TASK ITEM.
Below is a set of entries. Reproduce exactly the lines from the one containing "2,25 % Как выразить" through the end, both included.

INFORMATION SHOWN.
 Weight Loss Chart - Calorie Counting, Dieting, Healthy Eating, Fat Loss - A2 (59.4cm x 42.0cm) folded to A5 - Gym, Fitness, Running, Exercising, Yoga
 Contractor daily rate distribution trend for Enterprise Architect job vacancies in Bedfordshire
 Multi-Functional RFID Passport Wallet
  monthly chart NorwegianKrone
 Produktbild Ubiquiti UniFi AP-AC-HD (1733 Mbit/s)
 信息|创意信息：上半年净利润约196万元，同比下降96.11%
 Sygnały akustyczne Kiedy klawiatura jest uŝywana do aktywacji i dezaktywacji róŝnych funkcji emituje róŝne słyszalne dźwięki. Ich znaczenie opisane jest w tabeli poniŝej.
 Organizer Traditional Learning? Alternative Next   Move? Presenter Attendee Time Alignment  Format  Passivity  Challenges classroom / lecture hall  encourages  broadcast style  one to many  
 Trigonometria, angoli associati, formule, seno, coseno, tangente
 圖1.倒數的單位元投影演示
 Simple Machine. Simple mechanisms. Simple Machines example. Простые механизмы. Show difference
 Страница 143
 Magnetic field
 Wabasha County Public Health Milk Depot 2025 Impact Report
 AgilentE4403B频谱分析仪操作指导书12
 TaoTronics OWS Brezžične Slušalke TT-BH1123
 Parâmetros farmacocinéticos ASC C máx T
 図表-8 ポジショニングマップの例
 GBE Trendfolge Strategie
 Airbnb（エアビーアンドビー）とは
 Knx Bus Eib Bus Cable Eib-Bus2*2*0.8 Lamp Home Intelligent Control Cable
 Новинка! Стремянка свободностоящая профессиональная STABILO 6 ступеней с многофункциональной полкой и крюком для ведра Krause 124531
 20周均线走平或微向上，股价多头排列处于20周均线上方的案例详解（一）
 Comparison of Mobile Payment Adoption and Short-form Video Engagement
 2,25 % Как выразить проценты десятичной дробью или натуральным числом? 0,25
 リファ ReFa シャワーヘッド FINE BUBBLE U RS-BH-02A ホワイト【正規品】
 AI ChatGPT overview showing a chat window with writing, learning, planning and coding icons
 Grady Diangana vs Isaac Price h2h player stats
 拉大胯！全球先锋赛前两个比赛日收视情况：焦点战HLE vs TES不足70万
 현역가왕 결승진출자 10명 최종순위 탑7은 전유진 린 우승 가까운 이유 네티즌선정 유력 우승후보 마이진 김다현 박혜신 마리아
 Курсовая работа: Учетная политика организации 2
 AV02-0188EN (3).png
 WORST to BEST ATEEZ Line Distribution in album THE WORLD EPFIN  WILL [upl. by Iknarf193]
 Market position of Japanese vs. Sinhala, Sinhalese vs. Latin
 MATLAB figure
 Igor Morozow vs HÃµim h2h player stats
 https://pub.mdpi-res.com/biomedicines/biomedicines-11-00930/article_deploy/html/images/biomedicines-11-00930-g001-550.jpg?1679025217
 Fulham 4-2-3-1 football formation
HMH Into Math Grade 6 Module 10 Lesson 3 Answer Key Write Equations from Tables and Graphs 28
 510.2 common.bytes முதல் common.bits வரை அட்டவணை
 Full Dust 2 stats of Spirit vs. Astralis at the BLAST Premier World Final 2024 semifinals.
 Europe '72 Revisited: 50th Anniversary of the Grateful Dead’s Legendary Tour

YOUR SOLUTION.
 2,25 % Как выразить проценты десятичной дробью или натуральным числом? 0,25
 リファ ReFa シャワーヘッド FINE BUBBLE U RS-BH-02A ホワイト【正規品】
 AI ChatGPT overview showing a chat window with writing, learning, planning and coding icons
 Grady Diangana vs Isaac Price h2h player stats
 拉大胯！全球先锋赛前两个比赛日收视情况：焦点战HLE vs TES不足70万
 현역가왕 결승진출자 10명 최종순위 탑7은 전유진 린 우승 가까운 이유 네티즌선정 유력 우승후보 마이진 김다현 박혜신 마리아
 Курсовая работа: Учетная политика организации 2
 AV02-0188EN (3).png
 WORST to BEST ATEEZ Line Distribution in album THE WORLD EPFIN  WILL [upl. by Iknarf193]
 Market position of Japanese vs. Sinhala, Sinhalese vs. Latin
 MATLAB figure
 Igor Morozow vs HÃµim h2h player stats
 https://pub.mdpi-res.com/biomedicines/biomedicines-11-00930/article_deploy/html/images/biomedicines-11-00930-g001-550.jpg?1679025217
 Fulham 4-2-3-1 football formation
HMH Into Math Grade 6 Module 10 Lesson 3 Answer Key Write Equations from Tables and Graphs 28
 510.2 common.bytes முதல் common.bits வரை அட்டவணை
 Full Dust 2 stats of Spirit vs. Astralis at the BLAST Premier World Final 2024 semifinals.
 Europe '72 Revisited: 50th Anniversary of the Grateful Dead’s Legendary Tour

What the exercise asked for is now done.